Earth Day 2022
With the theme of ‘Invest in our planet’, this year’s Earth Day falls on April 22. We look at its purpose and some of the events and activities happening around the world.
What will you be doing on Friday 22 April? If you follow the environmental news, chances are you will know that April 22 is Earth Day, an annual event created to demonstrate support for the environment and focus attention on the planet. Celebrated by an estimated one billion people around the world, Earth Day aims to encourage activities and discussion around environmental causes – some lasting a month, others lasting decades.
This year, the theme for Earth Day is ‘Invest in our Planet’, which is designed to prompt individuals, businesses and governments to invest in technologies and practices that can benefit the environment. For example, New York will be closing off its streets to encourage more people to walk and cycle around the city, while many British towns and cities are organising clean-up events.
A Major Global Concern
To mark Earth Day 2022, Ipsos conducted a poll designed to assess global attitudes to climate change. The survey assessed the opinions of 23,577 adults aged 16-74 in 31 countries, and found that climate change is a regular concern for half of people across the world. Going into more detail, 68% think government and businesses need to act now or risk failing future generations, while just 39% think their government has a clear plan in place to tackle climate change.
Looking at individual country data, it emerges that concern about climate change is higher in South American countries, with Colombia, Chile, Mexico and Argentina in the top five of countries that think about the effects of climate change most frequently. Meanwhile, the UK is in the bottom five for the same question, just above Japan, the Netherlands, Russia and China.
The public believes there is a shared responsibility among government (77%), businesses (76%) and individuals (74%) to tackle climate change. But while the responsibility of governments is recognised by many, few are aware of any actions being taken.
“There are real opportunities for businesses and governments to provide additional incentives and messaging that will encourage change amongst consumers, but they must also recognise the need for change themselves,” says Dr. Pippa Bailey, Head of UK Climate Change & Sustainability Practice, Ipsos. “With 77% of people globally holding Government to account for the issue and 76% saying the same about businesses, it is clear that people expect to see real change, both in public policy and the private sectors.”

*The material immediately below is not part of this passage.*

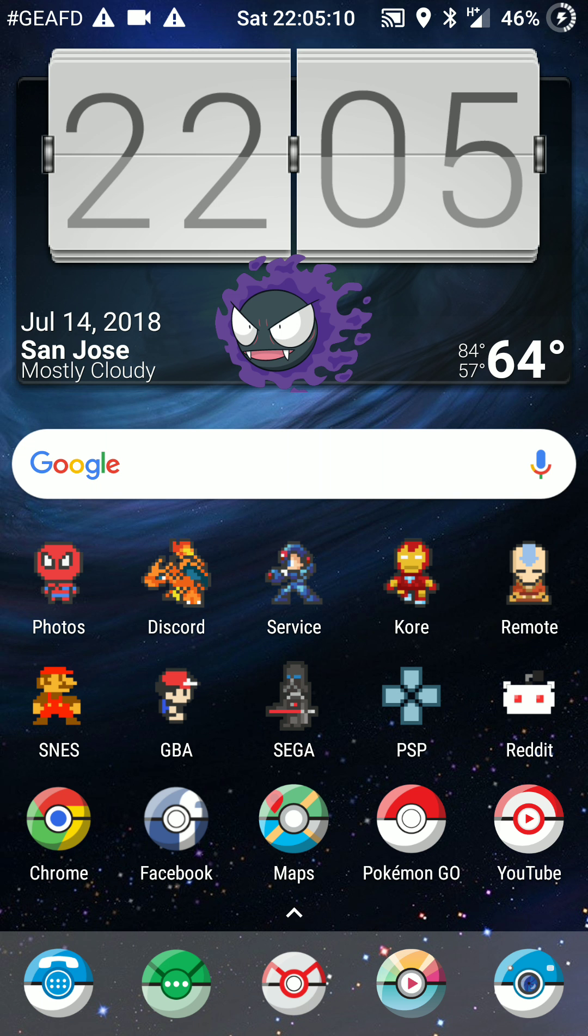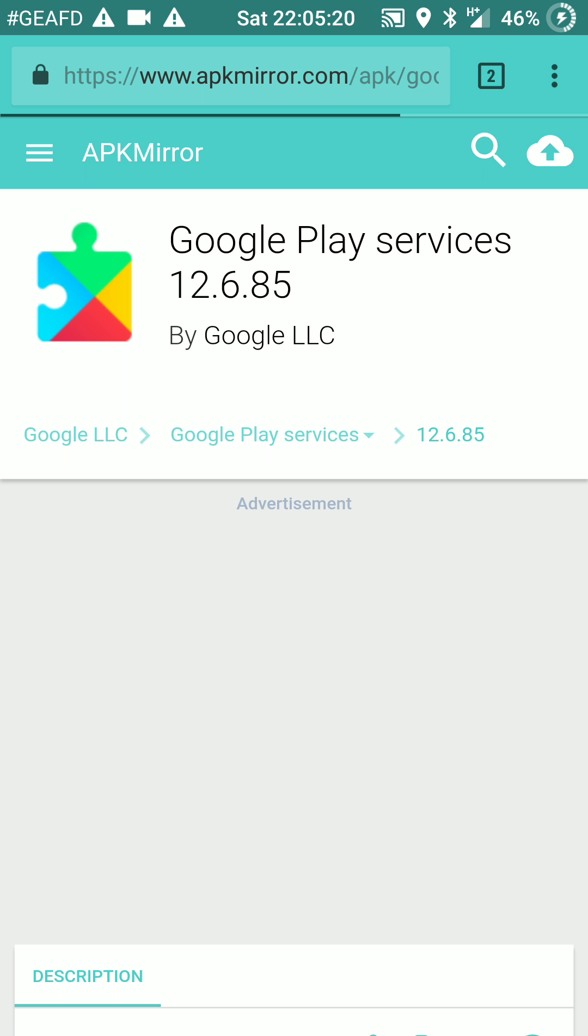But, say if you do have a problem, go ahead and go to APK mirror, or wherever place you'd like to go to find APKs. My choice is usually APK mirror, but use whatever you want. And download this version of Google Play services, 12.6.85.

Where Does Paper Come Into It?
Paper is a brilliantly sustainable and renewable resource, and to celebrate #EarthDay2022 we want to share a variety of facts that show why paper and trees are a choice that is good for the environment.
1. The CO2 emissions of the European pulp and paper industry reduced by 26% between 2005 and 2015 (CEPI Key Statistics, 2020)
2. Trees absorb CO2 from the atmosphere and wood and paper products store that CO2 throughout their lifetimes.
3. 62% of the energy used to produce paper and paper packaging in Europe comes from renewable sources. renewable sources. (CEPI Statistics, 2020)
4. 75% of the pulp delivered to paper mills in Europe comes from independently certified forests (CEPI Sustainability Report, 2013)
5. Between 2005 and 2020, European forests grew by 58,390 KM2 – that’s over 1500 football pitches everyday! (FAO, 2005-2020)
6. The paper recycling rate is now 74%…the highest in the world! (CEPI, 2020)
You can spread the message of our climate crisis virtually and take action at home through Earth Day’s digital events.
Campaigns And Online Debate
Earth Day focuses on a number of different campaigns. The Great Global Cleanup encourages people around the world to remove billions of pieces of trash from the cities and countryside, reducing waste and plastic pollution, and improving habitats. In addition, The Canopy Project aims to plant millions of trees, reforesting areas in need of rehabilitation, such as those suffering from environmental degradation or those decimated by environmental disaster.
And if you still don’t know what you’ll be doing this Friday, there is also a packed schedule of online debates and educational content at www.earthday.org/earth-day-live. We’ll see you there.